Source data
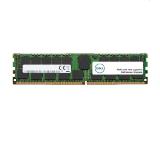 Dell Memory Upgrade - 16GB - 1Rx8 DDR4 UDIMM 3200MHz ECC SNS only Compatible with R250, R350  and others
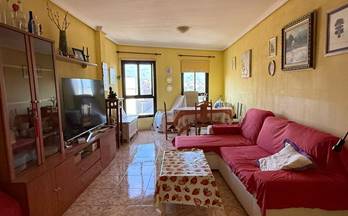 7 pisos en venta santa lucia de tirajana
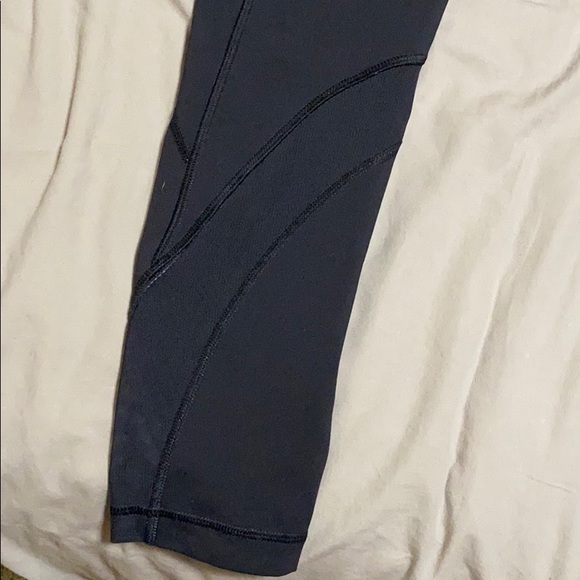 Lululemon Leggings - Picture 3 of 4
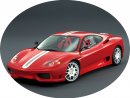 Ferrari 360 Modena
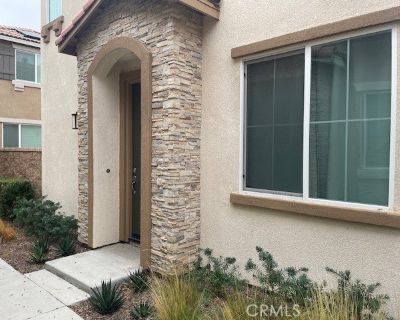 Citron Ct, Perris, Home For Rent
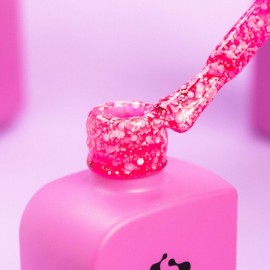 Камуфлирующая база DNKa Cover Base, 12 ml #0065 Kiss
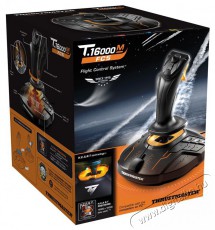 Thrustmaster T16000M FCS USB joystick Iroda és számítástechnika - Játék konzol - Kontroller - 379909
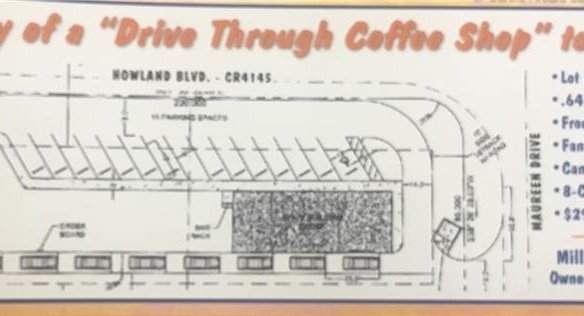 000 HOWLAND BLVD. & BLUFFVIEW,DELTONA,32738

- WHAT THE EXERCISE ASKS: Omit the pictures, then extract verbatim only those lines that fall between the line containing "Thrustmaster T16000M FCS" and the final line of the records above, both included.

- EXERCISE RESULT:
 Thrustmaster T16000M FCS USB joystick Iroda és számítástechnika - Játék konzol - Kontroller - 379909
 000 HOWLAND BLVD. & BLUFFVIEW,DELTONA,32738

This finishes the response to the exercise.